Lazy is such a negative word. I wouldn’t say I shun the work, more like I pick my focus. Lethargic just seem so much more forgiving. It would seem I’ve become abstracted about photography. This was brought sharply into focus when I handed my camera to Laura and asked her to take a few shots of the crew at the store for upcoming ads I was creating.
I came from the days of film and darkrooms, Kodachrome vs. Ektachrome. For six years, everywhere I lived around the globe, one of the first improvements made to every home was the addition of a darkroom. Luckily we lived in palatial houses reserved for ex-pats so there was no shortage of bathrooms to convert to the workspaces. We hoarded film in the fridge like precious caviar and purchased huge quantities when we visited the States or Singapore. Getting it processed was often difficult and many precious rolls returned blank, images lost forever.

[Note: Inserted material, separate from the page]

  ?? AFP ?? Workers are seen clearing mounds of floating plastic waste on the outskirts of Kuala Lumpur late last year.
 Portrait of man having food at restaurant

Our friends all had elaborate photographic equipment as well. It was relatively inexpensive in Asia and many carried cameras home to sell or give to relatives, allowing for constant upgrades of their own arsenal. Maybe because we were so far from our birthplaces, and the end product was so unpredictable and expensive, we took time and care with every shot, we studied the mechanics of the light. I can’t tell you how many light meters I owned. Through-The-Lens metering was in its infancy and the technology was delicate. Travel is tough on delicate equipment. Yet, when I look back through the “lens” of the slides and prints I made back then, I realize I’ve grown so lazy.

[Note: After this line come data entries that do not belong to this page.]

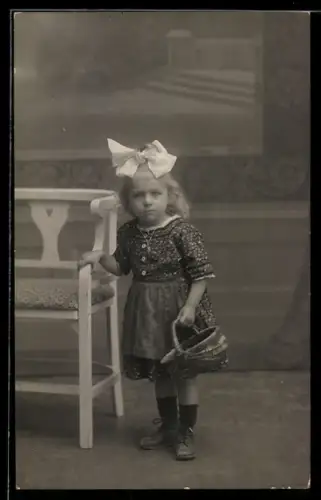 Foto-AK Kleines Mädchen mit Schleife im Haar und Korb, Studiokulisse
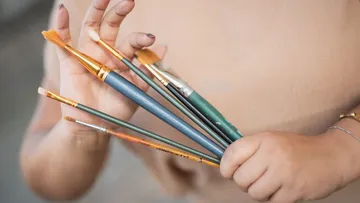 Hand holding various paintbrushes, blurred background.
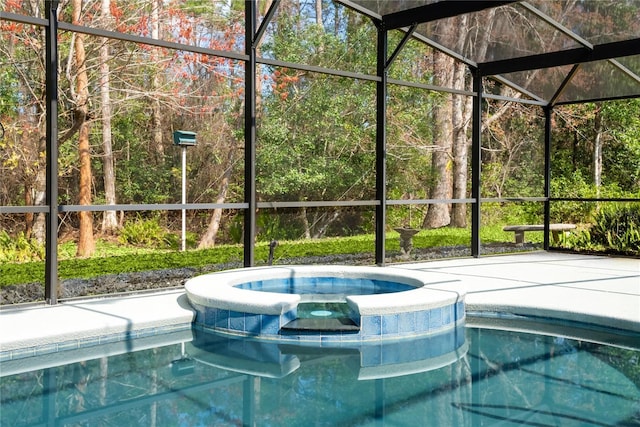 view of swimming pool with an in ground hot tub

Photography is Laura’s art and career. Her equipment is impressive and the results stunning. Though everyone gets a great shot with a phone every once in while, Laura creates beautiful images consistently. So when I handed her the equivalent of a digital 35mm point-and-shoot, she stumbled. She asked simple enough questions in a language I used to speak, “manually setting the aperture or shutter speed?” I couldn’t answer. I have turned off all that knowledge since stepping into the land of digital. Shooting wantonly, viewing instantly and having editing power at my fingertips versus loading a roll of 24 shots into the camera, unloading and processing a contact sheet so I can decide what to print. This has made me so an indolent photographer.

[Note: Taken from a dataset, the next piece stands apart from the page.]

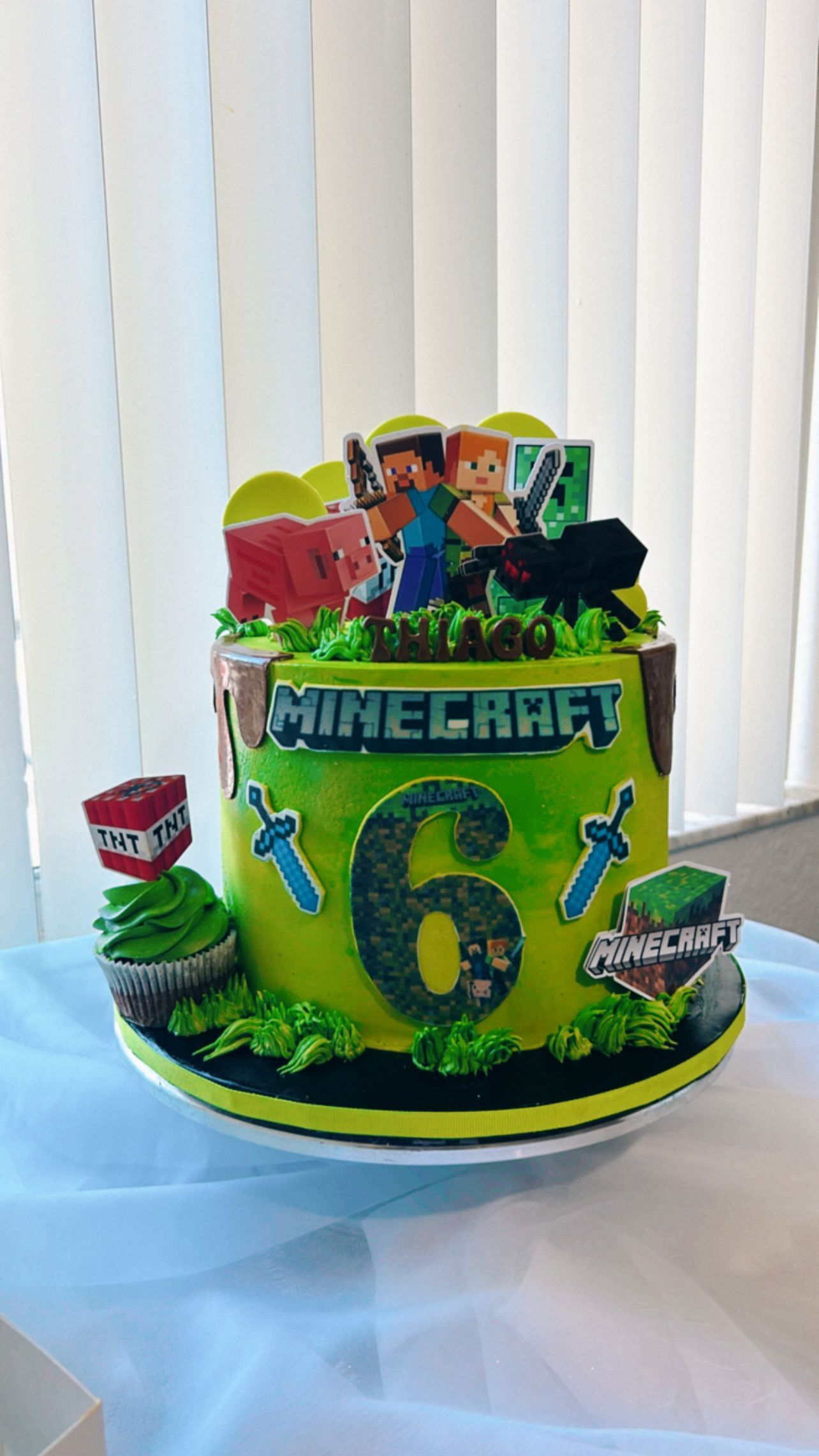 A minecraft cake is sitting on top of a white plate on a table.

My Nikon has lots of settings. It can do everything Laura was asking. I have no idea how to do it, what buttons to push and dials to turn. The dog-eared manual is battered, not from overuse, but from the many changes in camera bags over the years. The camera is trustworthy and bomb-proof and with enough shots to choose from and the quick fixes on the computer. I am not dissatisfied enough with my work to make the effort to learn how to do these things again in this lifetime.